Mr Sugarman has repeatedly claimed, including most recently before members of European Parliament last month, that his alerts to superiors and the Central Bank about the lender’s repeated breaches of liquidity requirements in 2007 went unheeded. He subsequently resigned in September 2007.
The Central Bank declined to comment specifically on the issue, while spokespeople for Unicredit didn’t respond to a request for comment.
When asked about the matter in the Dáil in November 2010, then Minister for Finance Brian Lenihan said his department had been informed by the Central Bank that after it learned of the liquidity breach, it followed up with the institution, which rectified the matter. While Mr Lenihan did not refer to Unicredit by name, The Irish Times has established that his comments were in relation to Mr Sugarman's concerns.

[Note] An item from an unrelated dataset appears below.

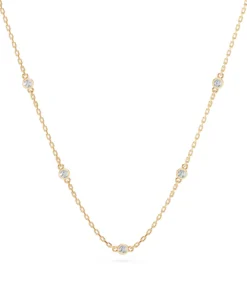 Minimalism Necklace (Round), 0.14 ct — 104-10080/5(1.9) - Image 6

“The Central Bank of Ireland has confirmed that this matter has now been fully investigated and the Central Bank is satisfied that all liquidity risk management requirements have been complied with and appropriate steps necessary to prevent any recurrence of this issue have now been taken by the institution concerned,” he said at the time.
However, the Central Bank subsequently fined Unicredit Bank Ireland €315,000 in 2014 for “contraventions” of EU law, including the fact that its holdings of Italian and Spanish government bonds between December 2011 and June 2012 breached permitted limits.